Stop Tokens and Cancellation

This section teaches cooperative cancellation from the ground up, explaining C++20 stop tokens as a general-purpose notification mechanism and how Capy uses them for coroutine cancellation.

Prerequisites

Completed The IoAwaitable Protocol
Understanding of how context propagates through coroutine chains

Part 1: The Problem

Cancellation matters in many scenarios:

A user clicks "Cancel" on a download dialog
A timeout expires while waiting for a network response
A connection drops unexpectedly
An application is shutting down

The Naive Approach: Boolean Flags

The obvious solution seems to be a boolean flag:

std::atomic<bool> should_cancel{false};

void worker()
{
    while (!should_cancel)
    {
        do_work();
    }
}

This approach has problems:

No standardization — Every component invents its own cancellation flag
Race conditions — Checking the flag and acting on it is not atomic
No cleanup notification — The worker just stops; no opportunity for graceful cleanup
Polling overhead — Must check the flag repeatedly

The Thread Interruption Problem

Some systems support forceful thread interruption. This is dangerous because it can leave resources in inconsistent states—files half-written, locks held, transactions uncommitted.

The Goal: Cooperative Cancellation

The solution is cooperative cancellation: ask nicely, let the work clean up. The cancellation requestor signals intent; the worker decides when and how to respond.

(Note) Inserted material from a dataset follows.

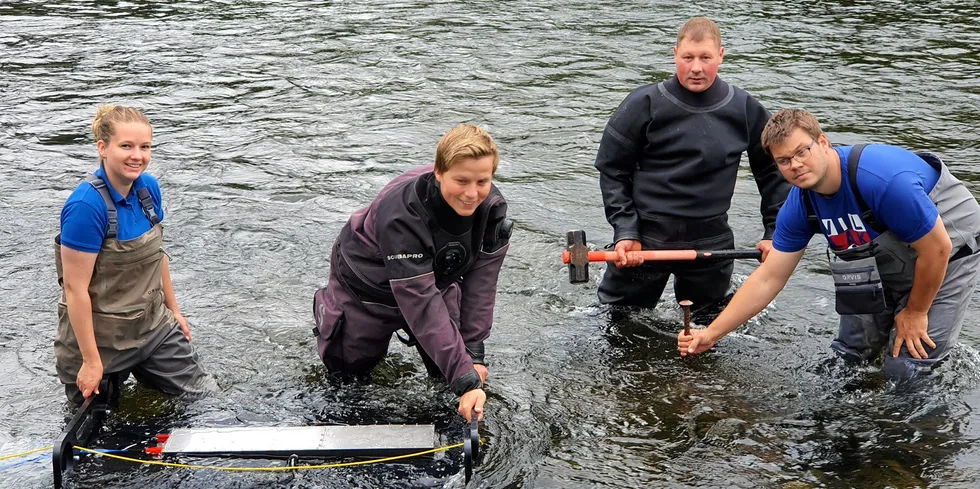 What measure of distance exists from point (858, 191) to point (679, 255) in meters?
1.15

Part 2: C++20 Stop Tokens—A General-Purpose Signaling Mechanism

C++20 introduces std::stop_token, std::stop_source, and std::stop_callback. While named for "stopping," these implement a general-purpose Observer pattern—a thread-safe one-to-many notification system.

The Three Components

std::stop_source: The Subject/Publisher. Owns the shared state and can trigger notifications. Create one source, then distribute tokens to observers.
std::stop_token: The Subscriber View. A read-only, copyable, cheap-to-pass-around handle. Multiple tokens can share the same underlying state.
std::stop_callback<F>: The Observer Registration. An RAII object that registers a callback to run when signaled. Destruction automatically unregisters.

How They Work Together

#include <stop_token>
#include <iostream>

void example()
{
    std::stop_source source;

    // Create tokens (distribute notification capability)
    std::stop_token token1 = source.get_token();
    std::stop_token token2 = source.get_token();  // Same underlying state

    // Register callbacks (observers)
    std::stop_callback cb1(token1, []{ std::cout << "Observer 1 notified\n"; });
    std::stop_callback cb2(token2, []{ std::cout << "Observer 2 notified\n"; });

    std::cout << "Before signal\n";
    source.request_stop();  // Triggers all callbacks
    std::cout << "After signal\n";
}

Output:

Before signal
Observer 1 notified
Observer 2 notified
After signal

Immediate Invocation

If a callback is registered after request_stop() was already called, the callback runs immediately in the constructor:

std::stop_source source;
source.request_stop();  // Already signaled

// Callback runs in constructor, not later
std::stop_callback cb(source.get_token(), []{
    std::cout << "Runs immediately!\n";
});

This ensures observers never miss the signal, regardless of registration timing.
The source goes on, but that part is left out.